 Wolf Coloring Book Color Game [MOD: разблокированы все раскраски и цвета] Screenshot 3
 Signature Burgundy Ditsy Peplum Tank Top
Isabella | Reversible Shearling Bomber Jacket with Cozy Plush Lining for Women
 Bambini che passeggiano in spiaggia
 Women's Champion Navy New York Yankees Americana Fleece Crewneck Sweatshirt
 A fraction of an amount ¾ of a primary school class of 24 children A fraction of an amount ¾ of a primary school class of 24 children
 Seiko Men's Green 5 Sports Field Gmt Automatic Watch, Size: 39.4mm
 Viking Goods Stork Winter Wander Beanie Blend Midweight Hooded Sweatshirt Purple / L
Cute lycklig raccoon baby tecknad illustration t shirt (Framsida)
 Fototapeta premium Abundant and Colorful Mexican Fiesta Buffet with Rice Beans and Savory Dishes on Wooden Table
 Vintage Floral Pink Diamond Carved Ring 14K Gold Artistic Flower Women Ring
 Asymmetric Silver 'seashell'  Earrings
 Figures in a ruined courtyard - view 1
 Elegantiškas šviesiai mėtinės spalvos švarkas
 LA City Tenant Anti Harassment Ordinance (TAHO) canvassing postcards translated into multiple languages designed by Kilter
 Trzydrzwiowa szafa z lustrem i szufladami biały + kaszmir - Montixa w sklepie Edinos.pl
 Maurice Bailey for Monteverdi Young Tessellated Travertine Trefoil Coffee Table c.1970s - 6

§ Exercise directions: Exactly as they appear above, print all the entries.

§ Result of this task:
 Wolf Coloring Book Color Game [MOD: разблокированы все раскраски и цвета] Screenshot 3
 Signature Burgundy Ditsy Peplum Tank Top
Isabella | Reversible Shearling Bomber Jacket with Cozy Plush Lining for Women
 Bambini che passeggiano in spiaggia
 Women's Champion Navy New York Yankees Americana Fleece Crewneck Sweatshirt
 A fraction of an amount ¾ of a primary school class of 24 children A fraction of an amount ¾ of a primary school class of 24 children
 Seiko Men's Green 5 Sports Field Gmt Automatic Watch, Size: 39.4mm
 Viking Goods Stork Winter Wander Beanie Blend Midweight Hooded Sweatshirt Purple / L
Cute lycklig raccoon baby tecknad illustration t shirt (Framsida)
 Fototapeta premium Abundant and Colorful Mexican Fiesta Buffet with Rice Beans and Savory Dishes on Wooden Table
 Vintage Floral Pink Diamond Carved Ring 14K Gold Artistic Flower Women Ring
 Asymmetric Silver 'seashell'  Earrings
 Figures in a ruined courtyard - view 1
 Elegantiškas šviesiai mėtinės spalvos švarkas
 LA City Tenant Anti Harassment Ordinance (TAHO) canvassing postcards translated into multiple languages designed by Kilter
 Trzydrzwiowa szafa z lustrem i szufladami biały + kaszmir - Montixa w sklepie Edinos.pl
 Maurice Bailey for Monteverdi Young Tessellated Travertine Trefoil Coffee Table c.1970s - 6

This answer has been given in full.